In Act Three, Danforth questions Mary Warren and Abigail Williams in court about Abigail's testimony against Elizabeth Proctor as well as Mary's new accusations that Abigail and the other girls are not being truthful. He says to Abigail,
A poppet were discovered in Mr. Proctor's house, stabbed by a needle. Mary Warren claims that you sat beside her in the court when she made it, and that you saw her make it and witnessed how she herself stuck her needle into it for safe-keeping. What say you to that?

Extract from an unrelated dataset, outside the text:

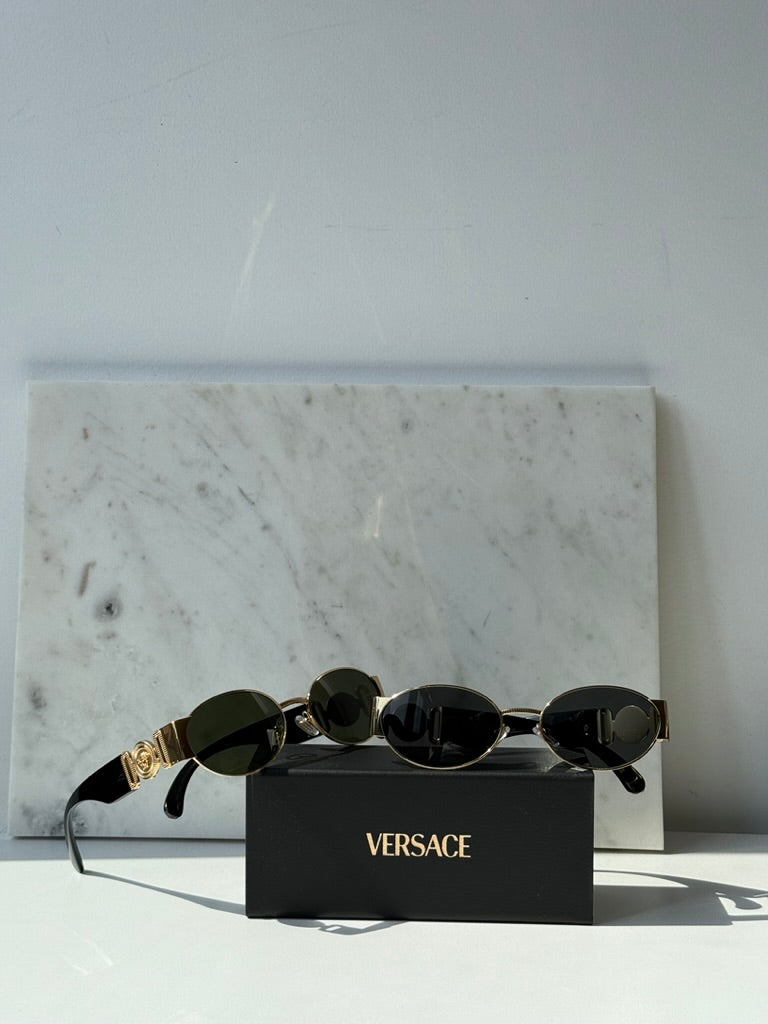 Versace VE2299 Oval Medusa Sunglasses in Gold Grey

This is, of course, the story that Mary herself told in Act Two, when Ezekiel Cheever came to the Proctors' home to arrest Elizabeth, without knowing that Abigail had accused Elizabeth of sending out her specter to stab Abigail with the needle. Abigail asserts that Mary's story is a lie. Further, she tells the court that "Goody Proctor always kept poppets," a statement which we know to be untrue from the conversations that occurred in Act Two. Elizabeth Proctor has not owned a doll for many, many years, until Mary gave her this one that she made as a gift. Likewise, as John tells the court, "Mary Warren swears she never saw no poppets in [his] house [...]." This is really all Abigail has a chance to say in court about the subject at this time because, shortly after, John brings up the girls' dancing in the forest and the topic of testimony shifts.
In Act Two, Herrick (the Marshall) and Cheever (clerk of the court) come to the Proctor's house to search for a poppet (doll). They find the poppet that Mary Warren had given to Elizabeth. Abby put Mary up to this. They planted the poppet there to be used as evidence against Elizabeth. Cheever and Herrick find the poppet and discover that there is a needle in it. Cheever is astounded. But John and Hale ask him what this needle or the poppet could possibly signify.
Cheever relates a story about how Abigail fell to the floor in Parris's house, claiming she had been stabbed by Elizabeth, even though Elizabeth was not there. Abigail is trying to show how Elizabeth used some form of Voodoo or witchcraft to stab her by stabbing the poppet. Whatever harm she (Elizabeth) does to the poppet, Abby will feel; this is Abby's claim. This is another way Abby tries to accuse Elizabeth of being a witch. Cheever relates the story:
The girl, the Williams girl, Abigail Williams, sir. She sat to dinner in Reverend Parris’s house tonight, and without word nor warnin’ she falls to the floor. Like a struck beast, he says, and screamed a scream that a bull would weep to hear. And he goes to save her, and, stuck two inches in the flesh of her belly, he draw a needle out. And demandin’ of her how she come to be so stabbed, she - to Proctor now - testify it -were your wife’s familiar spirit pushed it in.
In Act Three, in the courthouse, Mary Warren affirms that she made the poppet and put the needle in herself. Abby denies this, insisting that the poppet is Elizabeth's and thereby, accusing her of stabbing the poppet and stabbing her (Abby) in the process.